Мы с Джорджем потрясли по очереди руки каждого из Twins и направились к выходу клуба Miracle. Теперь он уже не казался мне таким чудесным.
8
Ветер поднялся действительно зверский. Идти приходилось, согнувшись в три погибели. Ни луны, ни звезд на небе видно не было. Наверное, на острове сейчас темно – хоть глаз выколи. Наверняка электричество уже вырубилось, как обычно бывает во время шторма – все спасаются генераторами. Бедная Френчи… оставлять ее одну в такую ночь… свинство с моей стороны, но что я могу поделать? Я снова и снова становлюсь жертвой обстоятельств, такова, похоже, моя горькая доля.
- Куда он сказал – направо? – спросил Джордж, перекрикивая завывания ветра. Развевающиеся полы плаща делали его похожим на сказочного вампира. Кажется, он и наряжался вампиром на какой-то Хэллоуин в детстве. Все еще смеялись над его гримом – он делал его похожим на девочку, нас это смущало, а друзей, которые могли бы заступиться, у него еще не было – его семья приехала на остров, когда ему было одиннадцать лет, наверное, все без исключения над ним хоть чуть-чуть да издевались. Даже мы с Ричи.
- Джон! Ты в порядке?
- Да, а что?
- Ты не ответил на мой вопрос.
- Ты же сам знаешь, что направо! – отмахнулся я. Джордж улыбнулся и зашагал дальше, как будто углубляясь в бурю – впереди не было видно толком ничего, кроме мельтешащего снега.
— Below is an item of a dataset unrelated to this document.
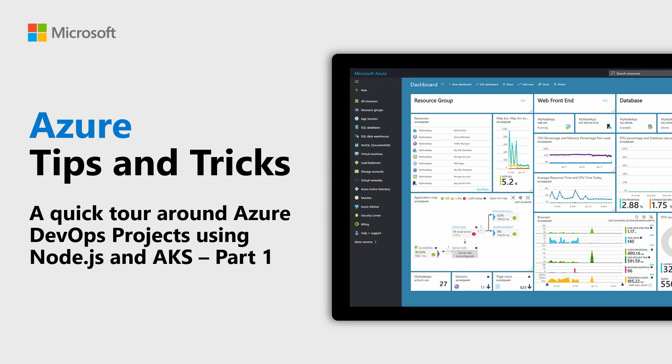Learn what Azure DevOps projects are and how to use them with Node.js and Kubernetes in this episode of Azure Tips and Tricks.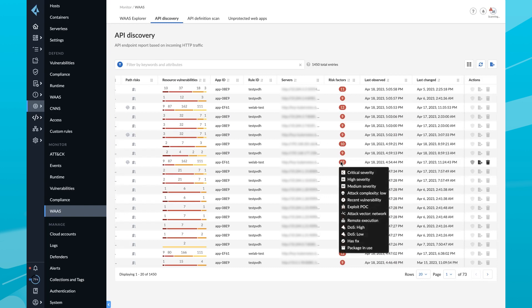As development teams make frequent changes and updates to APIs, security teams now have visibility into these changes and the potential risks they may pose to the application at runtime.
Неоновая вывеска мотеля выскочила на нас из темноты неожиданно близко.
Мы остановились в двухместном номере, который оказался действительно не так уж плох, как можно было ожидать. Конечно, ни телевизора, ни даже радио здесь не было, но нам и не нужно было ни то, ни другое. Не думаю, что кто-то из нас был в состоянии смотреть сериал «Друзья» или магазин на диване.
- Жрать хочу… - пробормотал Джордж, потирая впалый живот. – Можно тут заказать пиццу?
- Попробуй. Только сначала я позвоню Френчи, скажу, что я жив и все такое.
- Конечно, - кивнул Джордж, но как всегда, при упоминании Френчи, слегка помрачнел. Может, он из-за этого хотел повеситься? Из-за неразделенной любви к моей невесте? Да ну, бред какой-то.
- Чего? – спросил Джордж, и я только тут обнаружил, что задумчиво разглядываю его, вместо того, чтобы звонить.
- А, загоняюсь что-то, - пробормотал я и набрал свой домашний номер. Френчи сняла трубку сразу, что не было хорошим знаком.
- Да?
- Френчи, это я.
- Где тебя носит?!
- Спокойно! Тут поднялась буря…
- Да уж я знаю, что буря! Ты мог пораньше позвонить?!
Нет, не представляю, что этой стерве еще надо? Я же звоню, нет? Вот если бы я совсем не позвонил, тогда еще куда ни шло, но ведь вот он я – на проводе! Зачем теперь-то на меня орать?
- Скажи спасибо, что вообще позвонил, - сорвалось у меня с языка раньше, чем я смог подумать. – Я жив, вернусь завтра утром. Спи.
И, бросив трубку, в прострации смотрю на телефон. Мне кажется, или я уже перестаю контролировать собственную речь? Я перевел взгляд с телефона на Джорджа, у которого одна бровь уже уползла под челку.
- Чего это ты?
- Сам не знаю. Черт возьми… Со мной какая-то херня творится… с тех пор, как…
- Ну да.
- Да… Я просто струсил из-за руки, и спать не могу… и теперь иногда я вообще как будто не я, а кто-то другой, - я замолчал, не решаясь задать вопрос. – Слушай… ты правда думаешь, что этот Дэйв был дьявол?
Джордж посмотрел на меня так, что я понял, что спросил об этом напрасно. Мы оба молчали, уставившись друг на друга. Наконец, я не выдержал его взгляд и снова уткнул глаза в телефон.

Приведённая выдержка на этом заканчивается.